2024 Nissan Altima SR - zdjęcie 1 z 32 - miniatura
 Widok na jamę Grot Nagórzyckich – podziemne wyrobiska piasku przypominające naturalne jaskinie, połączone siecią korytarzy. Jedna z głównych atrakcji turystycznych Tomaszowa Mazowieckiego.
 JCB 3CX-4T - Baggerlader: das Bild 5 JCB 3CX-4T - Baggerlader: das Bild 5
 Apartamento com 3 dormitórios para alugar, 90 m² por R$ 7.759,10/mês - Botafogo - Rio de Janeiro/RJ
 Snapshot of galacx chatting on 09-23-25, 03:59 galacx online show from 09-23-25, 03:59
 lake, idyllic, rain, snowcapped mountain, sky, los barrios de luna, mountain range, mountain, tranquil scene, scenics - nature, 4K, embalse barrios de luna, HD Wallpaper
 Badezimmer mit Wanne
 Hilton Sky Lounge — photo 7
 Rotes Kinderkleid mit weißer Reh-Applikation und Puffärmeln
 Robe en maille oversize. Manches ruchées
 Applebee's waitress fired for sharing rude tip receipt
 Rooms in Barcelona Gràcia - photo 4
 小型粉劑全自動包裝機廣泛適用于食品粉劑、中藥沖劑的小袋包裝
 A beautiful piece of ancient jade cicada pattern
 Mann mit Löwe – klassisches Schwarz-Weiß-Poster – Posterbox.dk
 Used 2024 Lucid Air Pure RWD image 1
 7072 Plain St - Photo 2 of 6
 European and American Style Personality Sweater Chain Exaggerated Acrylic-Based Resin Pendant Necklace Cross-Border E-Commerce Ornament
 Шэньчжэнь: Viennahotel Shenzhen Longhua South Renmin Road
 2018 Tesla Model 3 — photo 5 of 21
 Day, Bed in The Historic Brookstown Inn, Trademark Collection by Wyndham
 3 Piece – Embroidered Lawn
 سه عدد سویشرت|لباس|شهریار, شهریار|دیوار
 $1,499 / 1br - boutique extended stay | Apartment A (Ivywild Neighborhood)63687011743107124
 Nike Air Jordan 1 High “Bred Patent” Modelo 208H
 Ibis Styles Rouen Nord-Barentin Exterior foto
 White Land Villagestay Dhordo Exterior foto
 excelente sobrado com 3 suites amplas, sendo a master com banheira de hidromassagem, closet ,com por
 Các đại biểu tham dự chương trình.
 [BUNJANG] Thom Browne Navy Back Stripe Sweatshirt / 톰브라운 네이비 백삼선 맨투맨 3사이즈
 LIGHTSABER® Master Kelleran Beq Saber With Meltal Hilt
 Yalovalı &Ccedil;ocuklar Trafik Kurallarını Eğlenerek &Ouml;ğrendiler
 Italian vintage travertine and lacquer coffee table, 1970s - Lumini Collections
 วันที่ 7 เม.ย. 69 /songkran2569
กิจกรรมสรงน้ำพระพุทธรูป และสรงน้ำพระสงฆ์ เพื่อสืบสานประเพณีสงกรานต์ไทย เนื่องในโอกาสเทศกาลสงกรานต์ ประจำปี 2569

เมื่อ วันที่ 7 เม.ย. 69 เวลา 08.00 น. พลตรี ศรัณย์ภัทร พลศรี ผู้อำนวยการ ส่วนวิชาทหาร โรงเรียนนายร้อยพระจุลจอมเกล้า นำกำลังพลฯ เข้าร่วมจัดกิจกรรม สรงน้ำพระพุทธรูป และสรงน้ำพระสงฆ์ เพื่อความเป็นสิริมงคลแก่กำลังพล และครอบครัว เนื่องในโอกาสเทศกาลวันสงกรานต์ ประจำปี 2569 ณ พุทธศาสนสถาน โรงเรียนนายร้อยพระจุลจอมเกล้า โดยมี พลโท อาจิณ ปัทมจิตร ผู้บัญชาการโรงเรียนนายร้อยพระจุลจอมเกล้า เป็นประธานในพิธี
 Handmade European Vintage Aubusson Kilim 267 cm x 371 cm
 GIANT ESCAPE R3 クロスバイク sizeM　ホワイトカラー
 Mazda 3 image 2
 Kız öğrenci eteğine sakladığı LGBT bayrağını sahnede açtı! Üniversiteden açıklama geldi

************

Exercise aim ::
Each line of the listing above that contains the word "foto" is to be copied.

Task answer ::
 Ibis Styles Rouen Nord-Barentin Exterior foto
 White Land Villagestay Dhordo Exterior foto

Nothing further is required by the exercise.